The first thing a federal judge in Denver is going to have to sort out when hearing the controversy over country of origin labeling (COOL) is whether a dispute really exists.

It’s possible there is a big misunderstanding occurring over how to read a World Trade Organization (WTO) ruling vis-à-vis U.S. law.

“I can tell you that no international panel, including a WTO panel or the WTO Appellate Body, has the ability to change U.S. law,” a spokesperson for the U.S. Trade Representative (USTR) told Food Safety News. “It is up to the United States to decide how to respond to the decision, and we are continuing to study the reports and consulting with stakeholders to determine our next steps.”

The way the USTR looks at it, the WTO ruling by a 3-member appellate body upheld the right of the U.S. to adopt labeling requirements for American consumers for the meat they buy. The international ruling went against the U.S. on details like record-keeping and verification requirements.

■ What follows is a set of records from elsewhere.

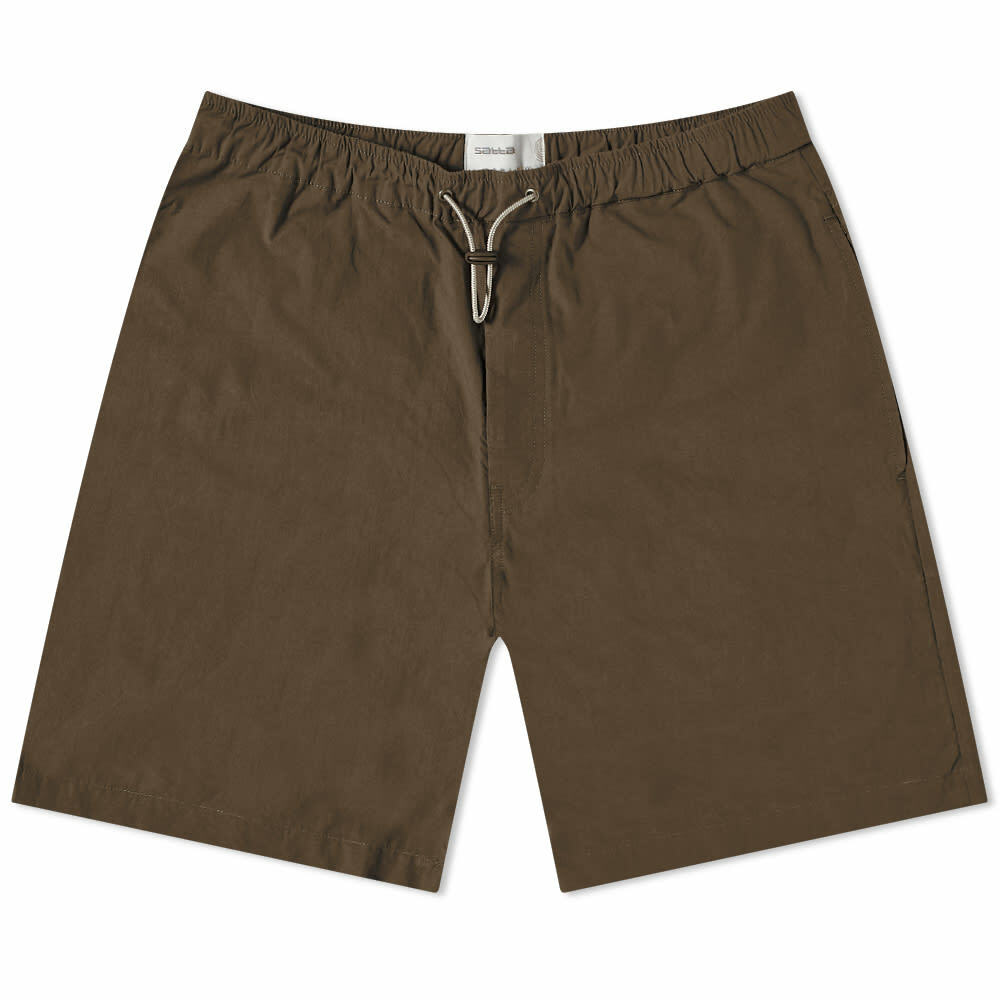 Satta Men's Slack Short in Charcoal Satta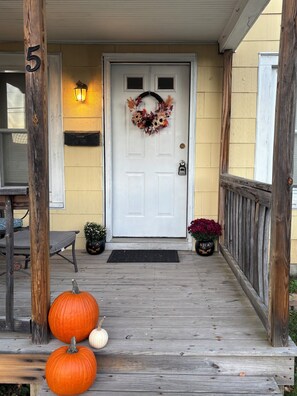 تفاصيل الفندق من الخارج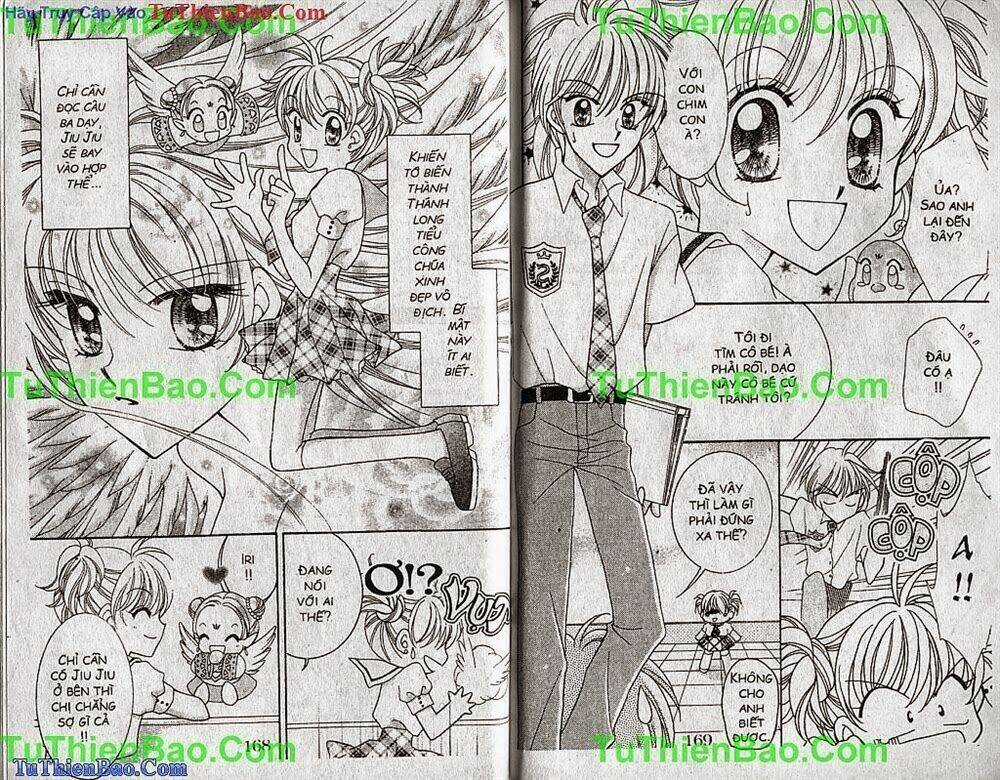 Thánh Tiểu Long Nữ - Chapter 10 - Trang 85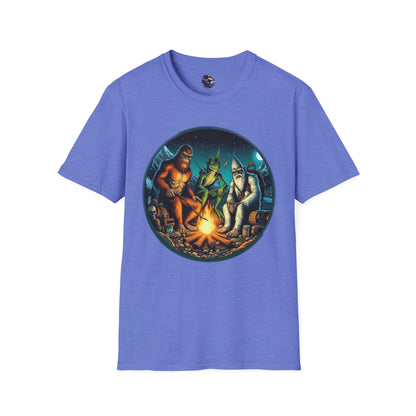 Cryptid Camping Trip Unisex T-shirt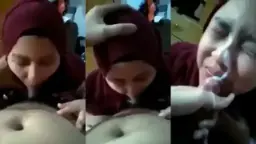 Tetesan Panas Di Wajah Gadis Berjilbab
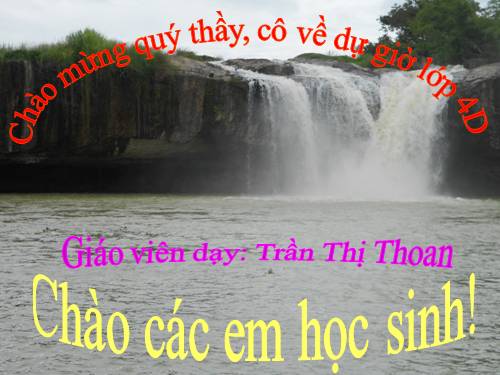 Tuần 16. Câu kể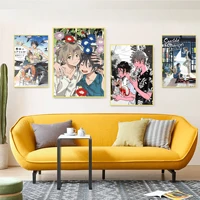 anime umibe no etranger print art poster kraft paper sticker home bar cafe kawaii room decor
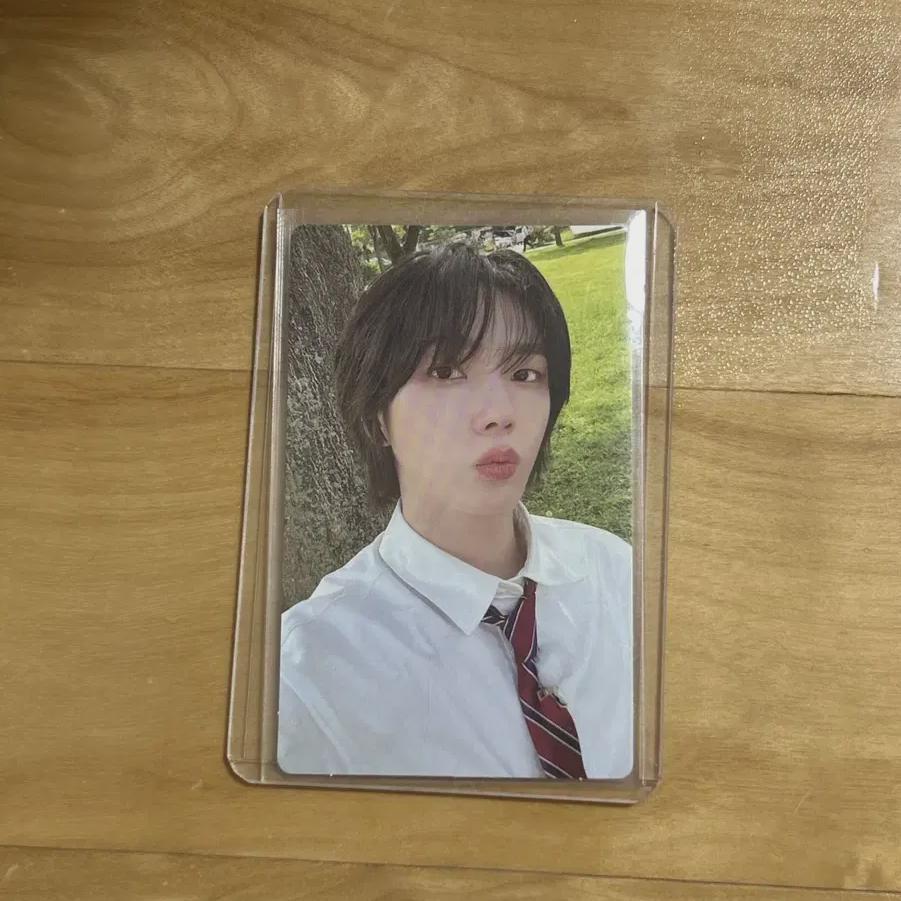 

Boynextdoor Sungho M2u Record Lucky Draw Photocard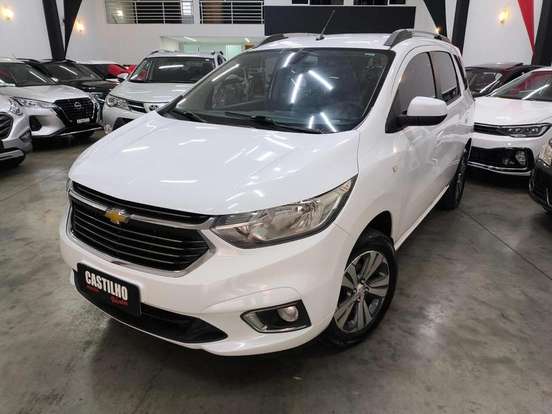 CHEVROLET-SPIN-1.8 PREMIER 8V FLEX 4P MANUAL CHEVROLET-SPIN-2019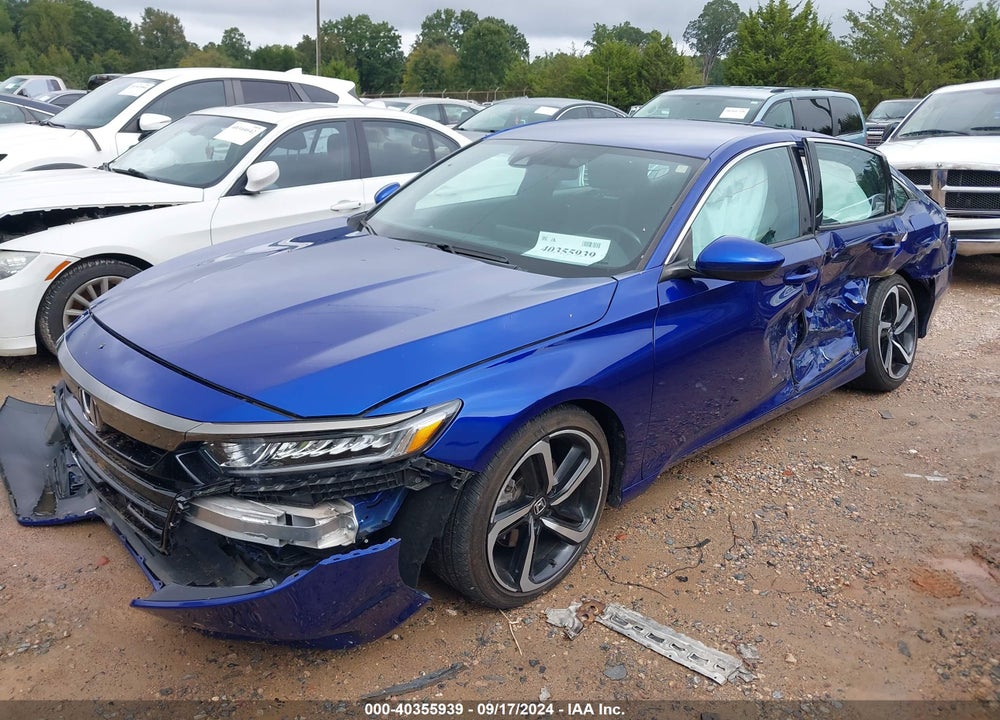 2018 HONDA ACCORD SPORT VIN: 1HGCV1F36JA238857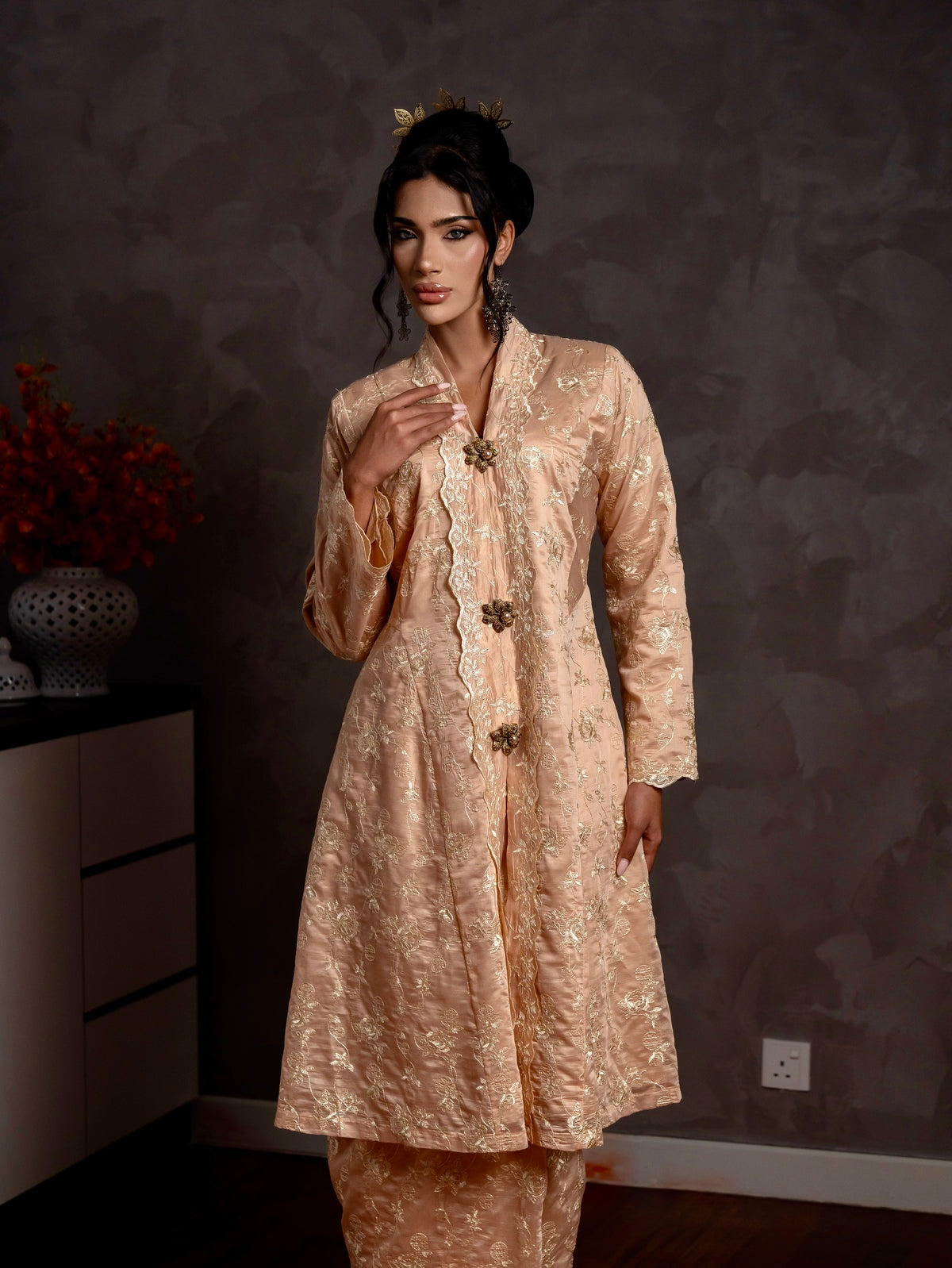 Qaseh Kebarung Classic - Champagne Nude emanuelfemme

In other words, the USTR sees no change in policy, only work to do on the details with WTO, and maybe Mexico and Canada, which mounted the original challenge, back in 2008.

Reading the same WTO decision, the feisty Billings, MT-based cattlemen’s association known as R-CALF sees U.S. sovereignty as at-risk because of WTO decisions.

“This WTO attack on our nation’s sovereign right to pass laws under our U.S. Constitution that are critically important to U.S. consumers and U.S. livestock producers will test the metal of the Obama Administration,” R-CALF USA CEO Bill Bullard said in June when the ruling was issued.

When the Appellate Body came out, Bullard called it “bizarre.”

“The WTO now states that it can not determine if the U.S. COOL law is more trade restrictive than necessary to carry out the objective of the COOL law; but the WTO is nevertheless telling the U.S. it must change its COOL law to comport to international standards,” Bullard said.

So it was no surprise when Bullard called in his lawyers.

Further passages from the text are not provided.